- [Problem description]:
In the copy, leave out the pictures and repeat all records exactly.

*** Begin section ***

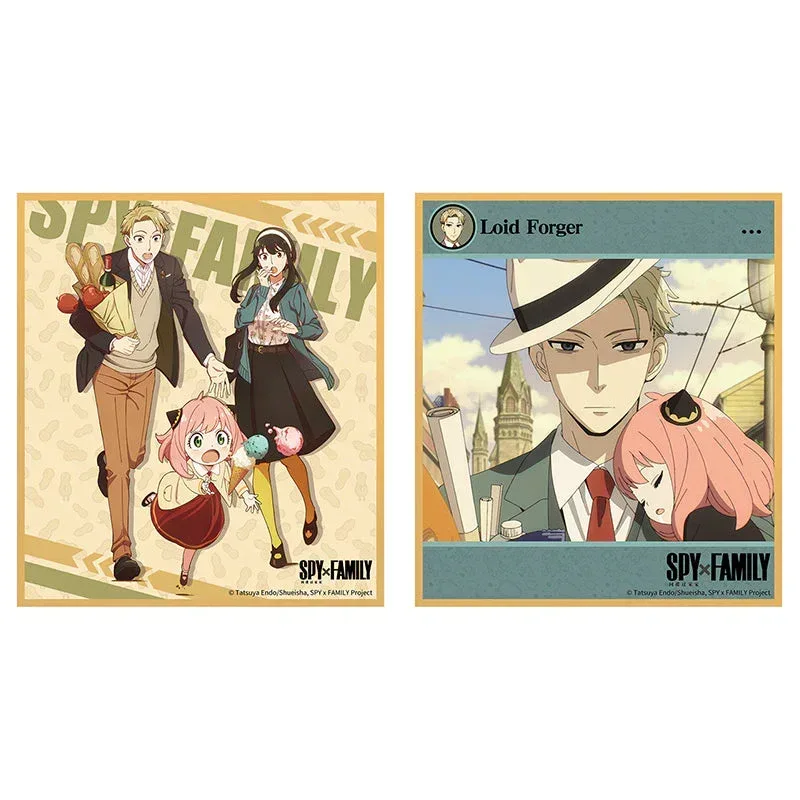Spy × Family Shikishi Cardboard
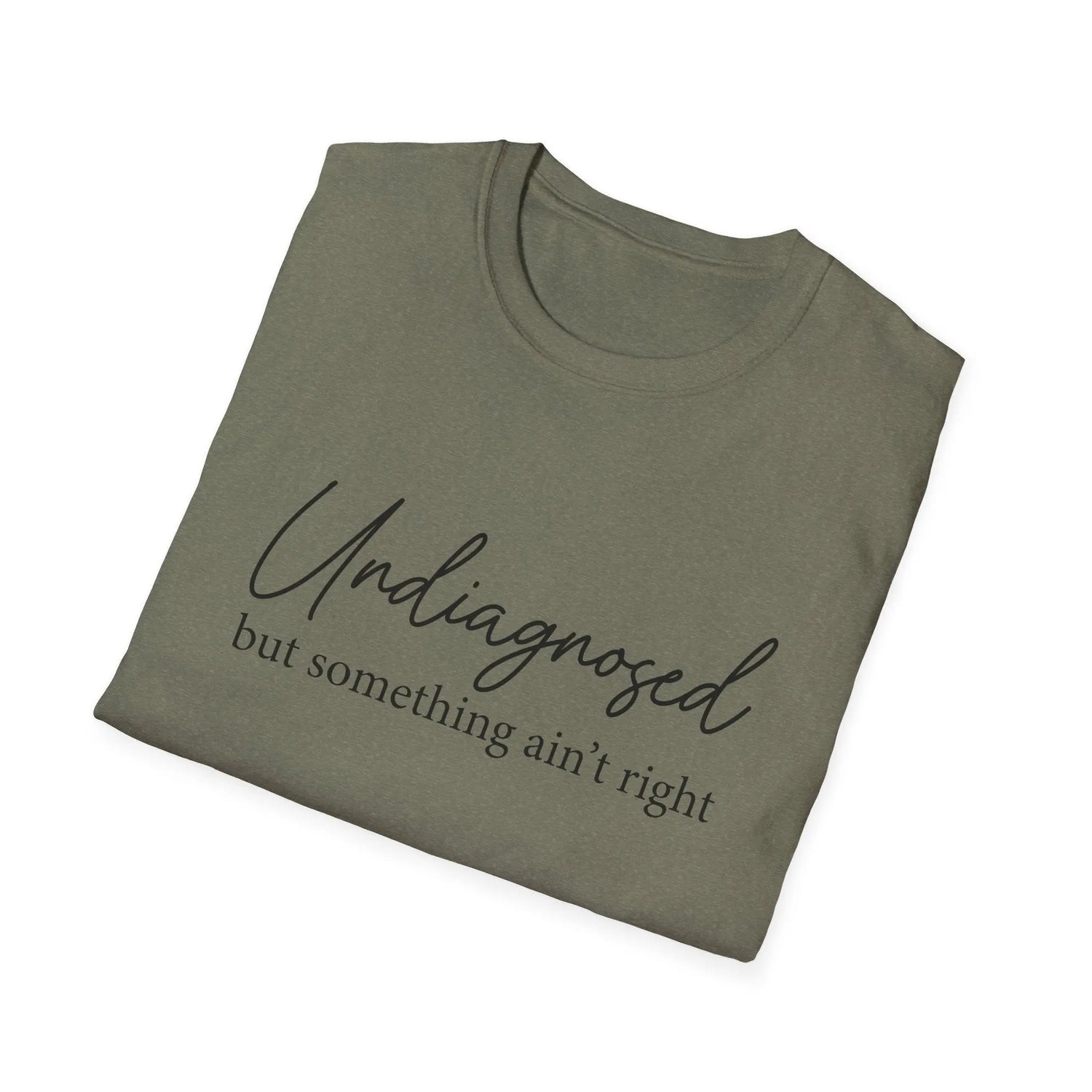 Supportive Mental Health Softstyle Tee- Unisex Printify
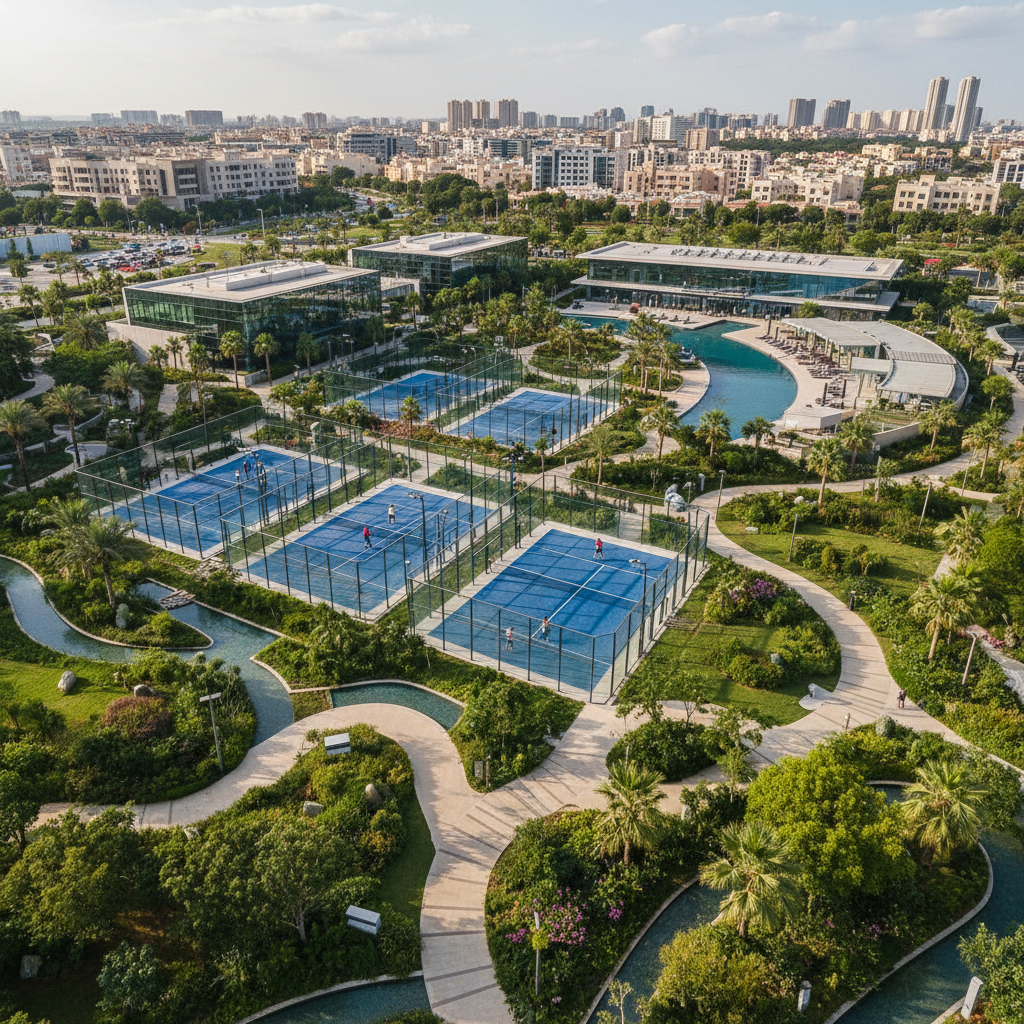 Luxury sports complex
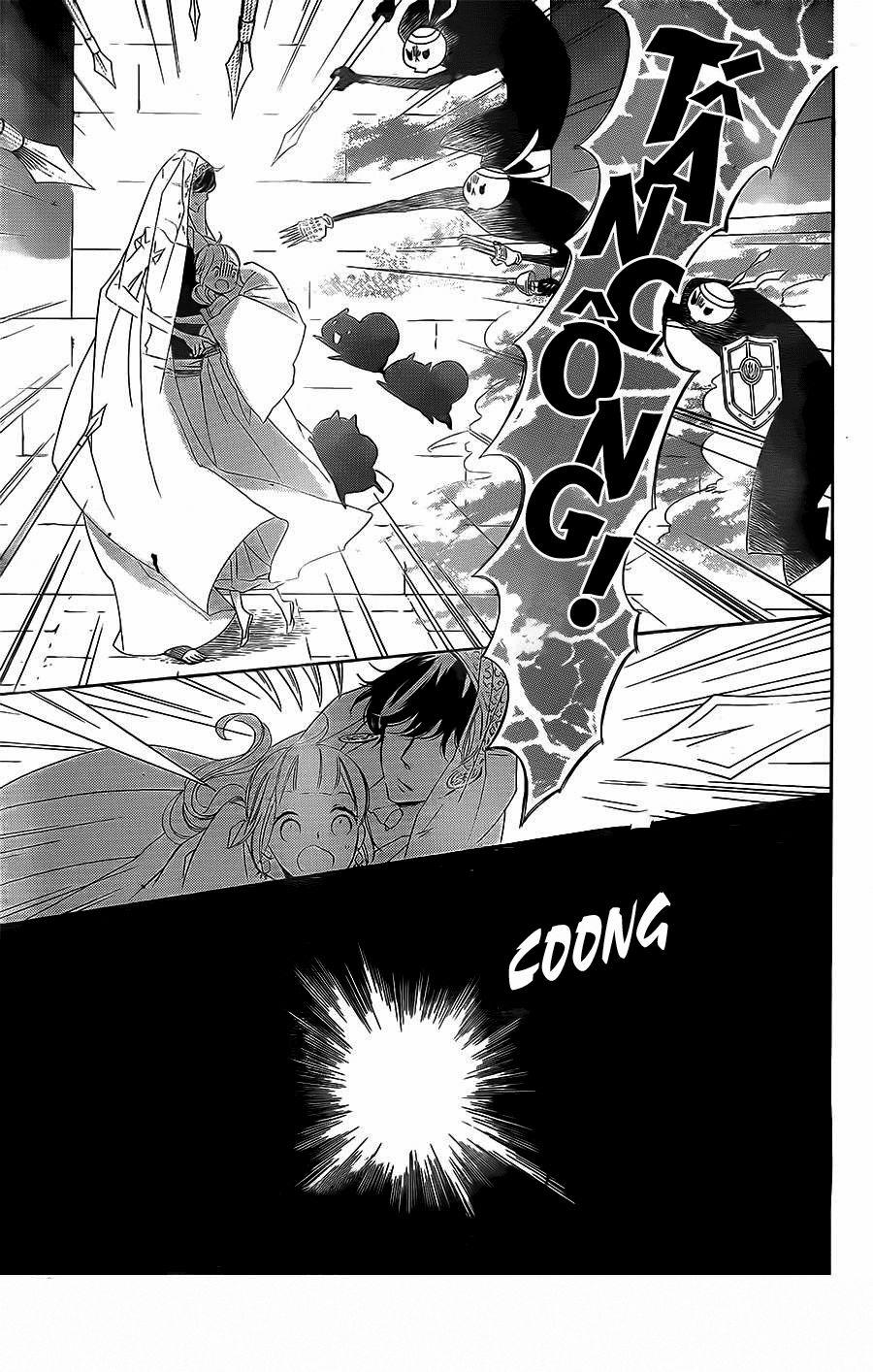 Colette Wa Shinu Koto Ni Shita 50 trang 23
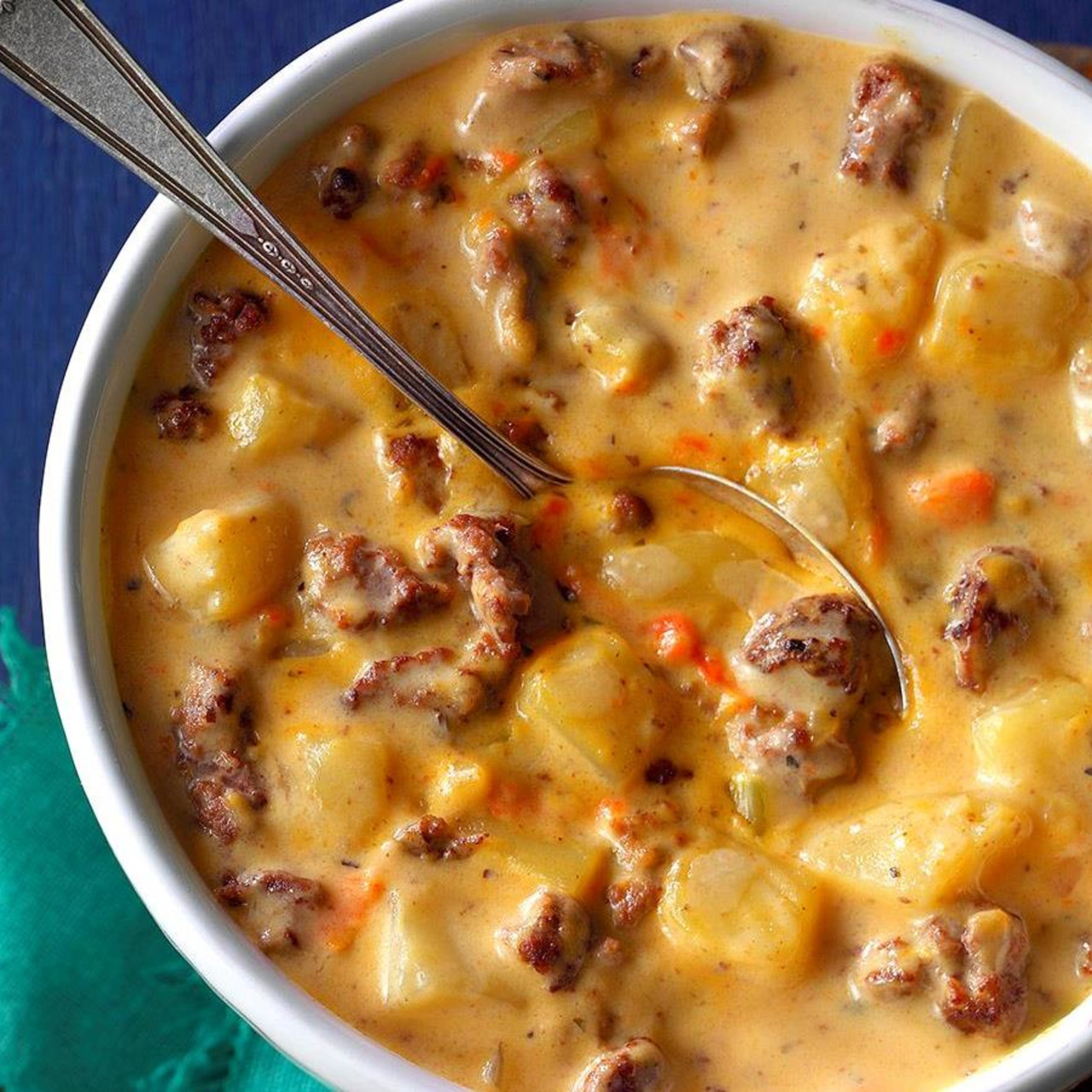 Hearty Hamburger Soup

*** End section ***

- [Response for this exercise]:
Spy × Family Shikishi Cardboard
 Supportive Mental Health Softstyle Tee- Unisex Printify
 Luxury sports complex
 Colette Wa Shinu Koto Ni Shita 50 trang 23
 Hearty Hamburger Soup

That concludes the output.